The Canadian dollar (CAD) is the weakest of the G10 currencies, as markets weigh on potential Venezuelan oil supplies and uncertainty over renegotiations of the United States-Mexico-Canada Agreement (USMCA), notes Francisco Pisol, FX analyst at ING.
The Canadian dollar is exposed to USMCA and Bank of Canada risks
“The Canadian dollar is the worst-performing currency in the G10 since the weekend. Markets are clearly weighing the risks of future oversupply of Venezuelan oil, which would hurt Canadian heavy sour crude, which has been trading at a premium during the supply glut in Venezuela. The price of WTI expanded slightly on Monday, underscoring that the commodity market is trading cautiously in these geopolitical events.”
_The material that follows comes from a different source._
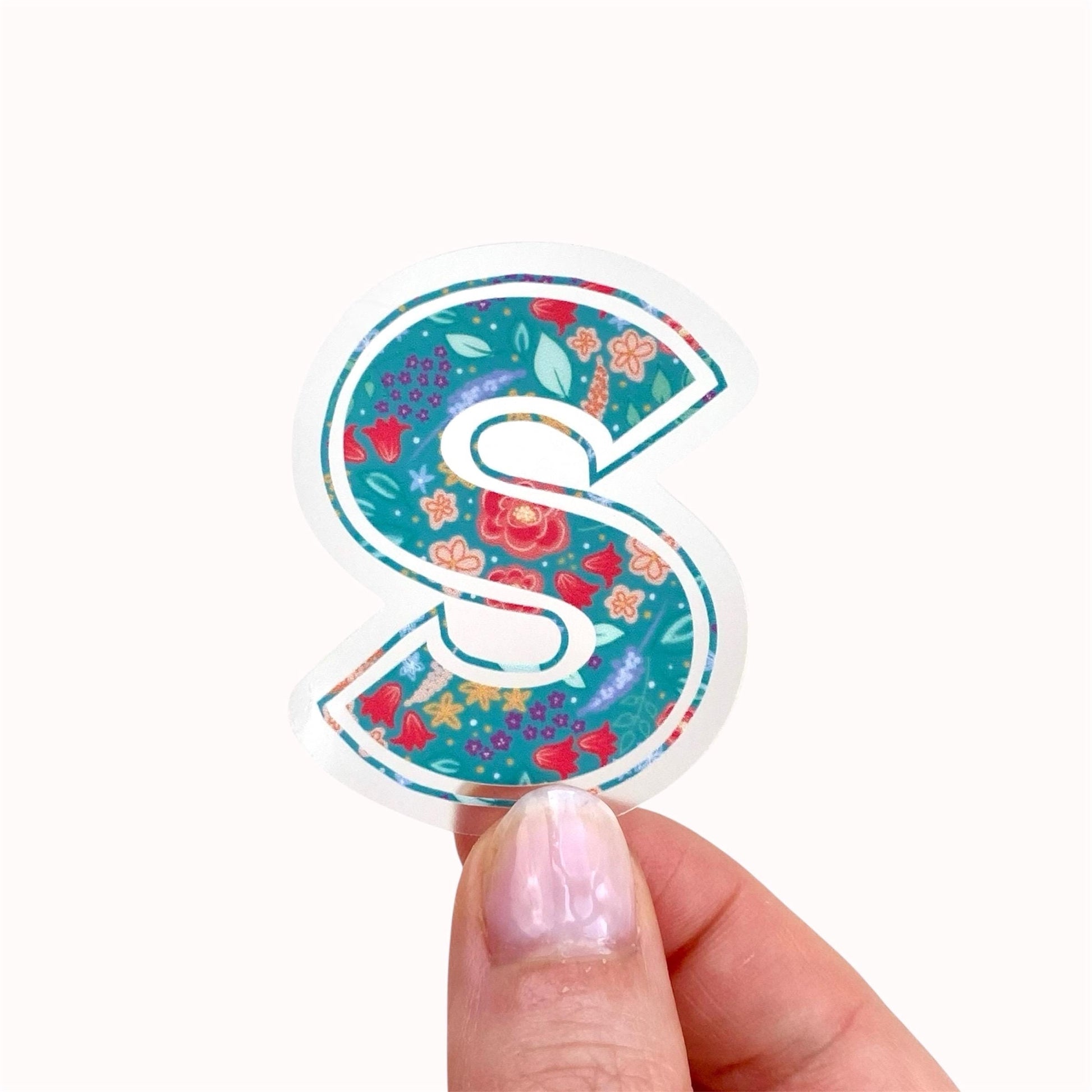 Decorative letter 'S' sticker with floral patterns held by a hand on a white background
“However, the Canadian dollar is at a more vulnerable point. Our short-term fair value model suggests the pair should trade above 1,380, and we believe markets may still be underestimating the risks of the impact uncertainty over the renegotiation of the United States-Mexico-Canada Agreement (USMCA) will have on the economy and the risks that the Bank of Canada may have to cut again in 2026.”
“We continue to favor other high-beta currencies such as the New Zealand dollar, Swedish krona and Norwegian krone over the Canadian dollar at the moment, and see risks to the 1.390 area in the USD/CAD.”